• _PROBLEM TO WORK ON_: Could the data below be copied exactly, minus the pictures?

• _EXERCISE DATA_:
* * *
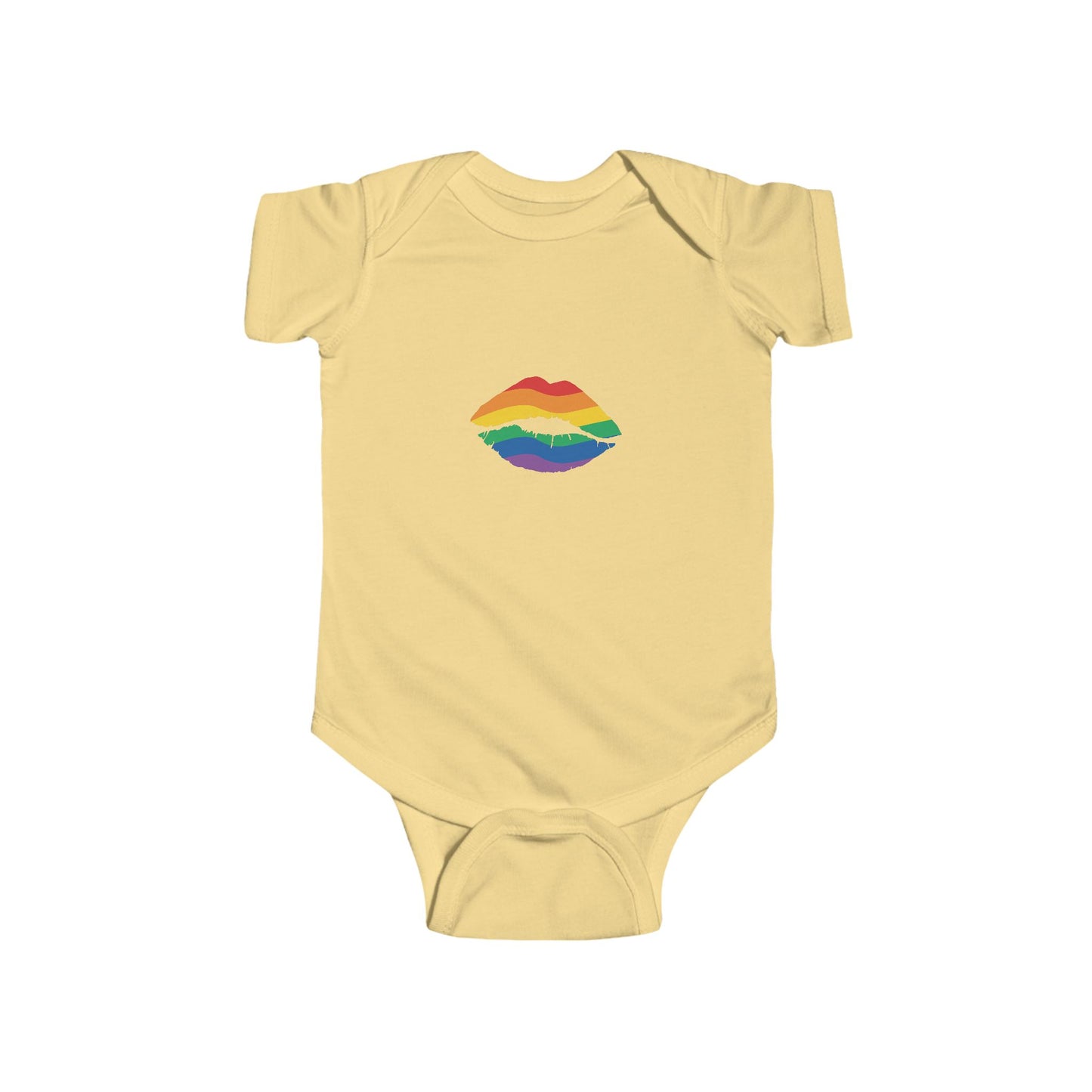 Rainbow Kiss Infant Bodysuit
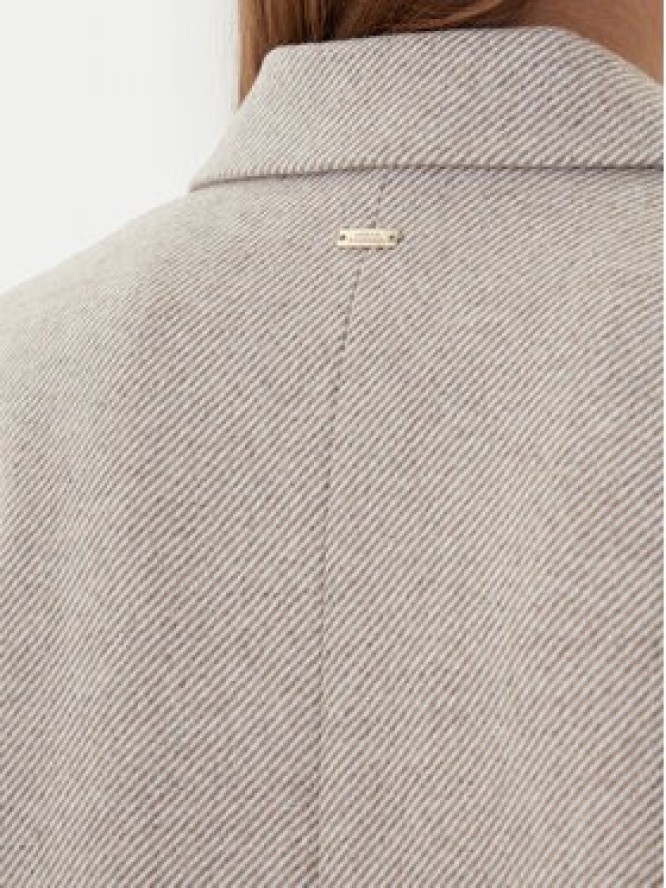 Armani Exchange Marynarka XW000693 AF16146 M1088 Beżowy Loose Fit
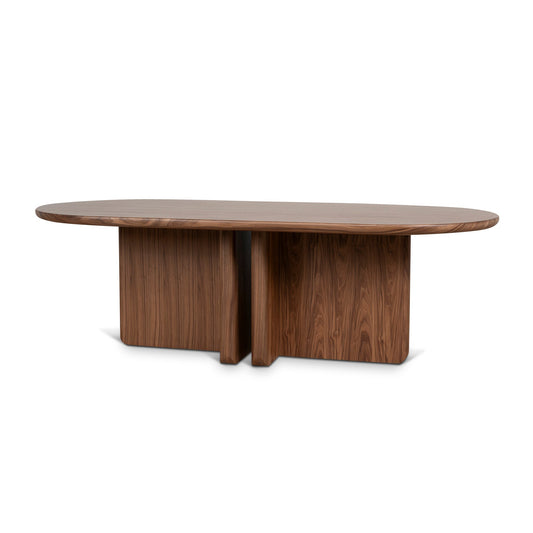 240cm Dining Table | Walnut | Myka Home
* * *
• _WRITTEN REPLY_:
 Rainbow Kiss Infant Bodysuit
 Armani Exchange Marynarka XW000693 AF16146 M1088 Beżowy Loose Fit
 240cm Dining Table | Walnut | Myka Home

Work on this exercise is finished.